Le Point: Comment définissez-vous la pensée décoloniale?
Nacira Guénif-Souilamas:
C’est un champ dans lequel la question est de savoir comment sortir de la colonialité du pouvoir, d’un ordre colonial, qui n’a pas disparu avec la fin des empires coloniaux, mais qui s’est reconfiguré et continue d’agir, notamment à travers l’ensemble des stratégies capitalistes extractivistes, qui conduisent à la surexploitation des humains, des ressources et au changement climatique. Il y a là une persistance de hiérarchies à la fois sociales et politiques fondées sur une assignation raciale des humains. La pensée décoloniale vise à articuler ces paramètres qui sont, dans la pensée occidentale, séparés.
Le mouvement décolonial dénonce régulièrement le sexisme et le caractère patriarcal de la société… mais ne dénonce jamais les patriarcats imposés par les monothéismes. Cela ne vous semble-t-il pas paradoxal?
Toute la question est de savoir quelles sont les forces patriarcales les plus hégémoniques et les plus prédominantes dans leur imposition! Actuellement, le patriarcat s’exerce à travers toute une série d’autorités. Prenons l’exemple de la persistance du sexisme en milieu professionnel, c’est un patriarcat reposant sur un système qui s’appelle le capitalisme, donc le capitalisme s’appuie sur le patriarcat pour continuer à surexploiter les femmes, qui ne sont pas reconnues comme égales aux hommes dans le système capitaliste.

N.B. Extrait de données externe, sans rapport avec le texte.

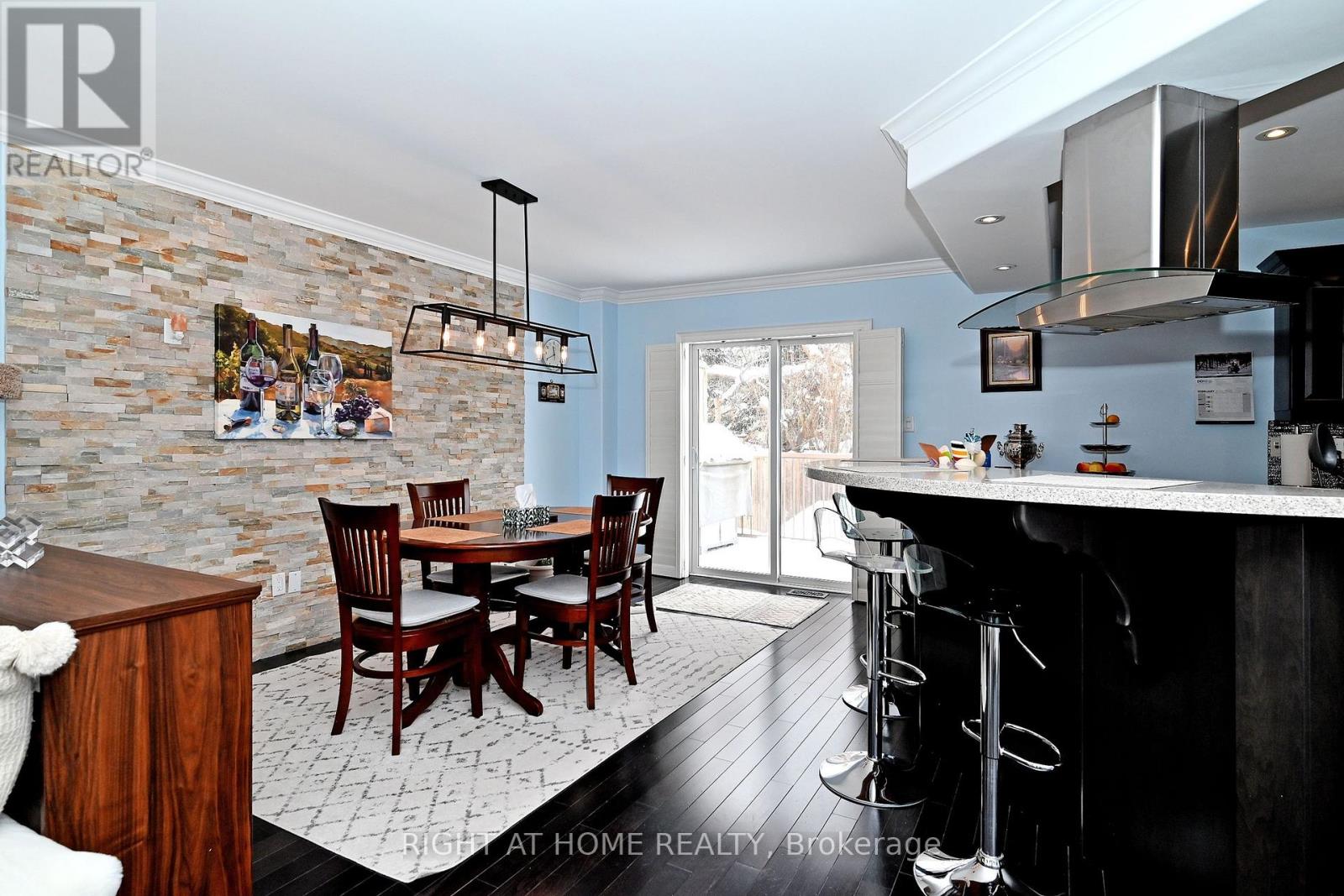 12 - 318 Little Avenue, Barrie, Ontario  L4N 2Z6 - Photo 13 - S12768014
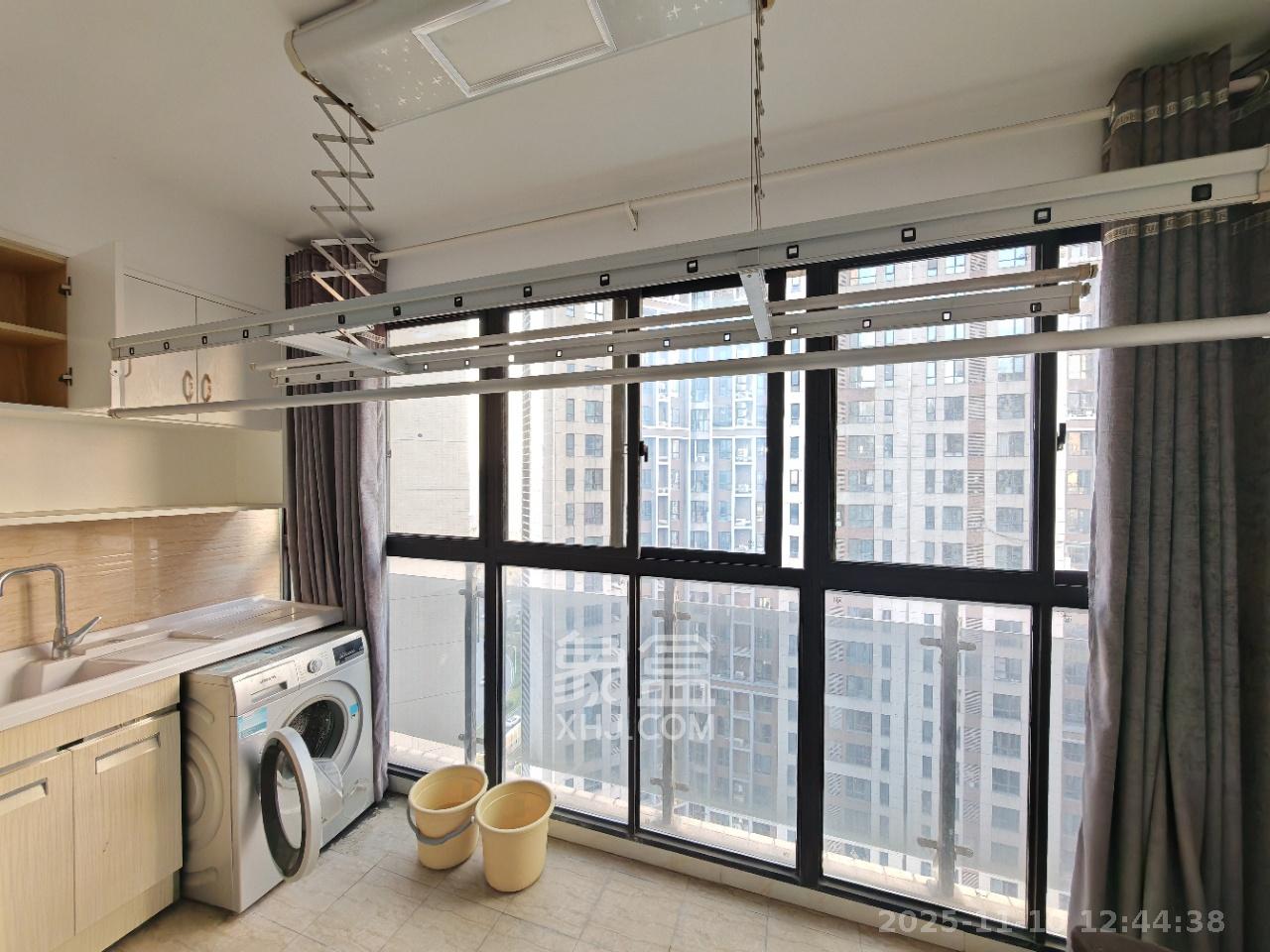 达美D6区 4室2厅2卫 3500.0元/月 达美D6区 4室2厅2卫 3500.0元/月室内图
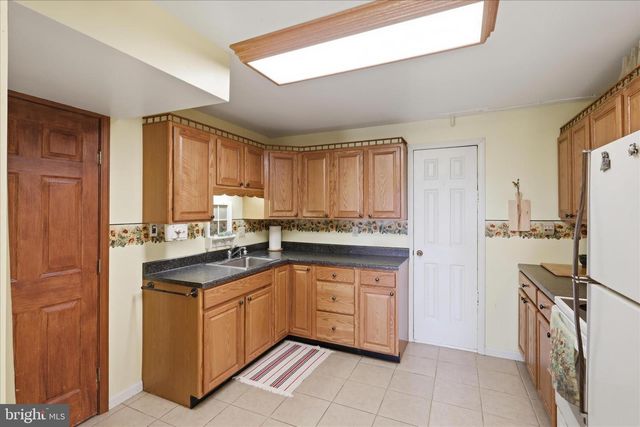 3083 OAK HILL ROAD, Waynesboro, PA 17268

Vous avez régulièrement pris la parole pour expliquer que seul le féminisme intersectionnel, qui prend en compte le racisme, pouvait émanciper les femmes. Donc le problème du féminisme, ce n’est pas la misogynie mais le racisme?
Le féminisme historique fait l’économie de considérer l’ordre racial au sein des rapports d’oppression, alors que cet ordre est clair et établi. Le féminisme occidental des femmes blanches, pour le dire rapidement, est complètement passé à côté de toutes les dynamiques coloniales et raciales. Il n’a pas compris que les femmes colonisées vivaient sous le joug du système colonial, et qu’elles étaient en proie à un système d’oppression beaucoup plus intensif.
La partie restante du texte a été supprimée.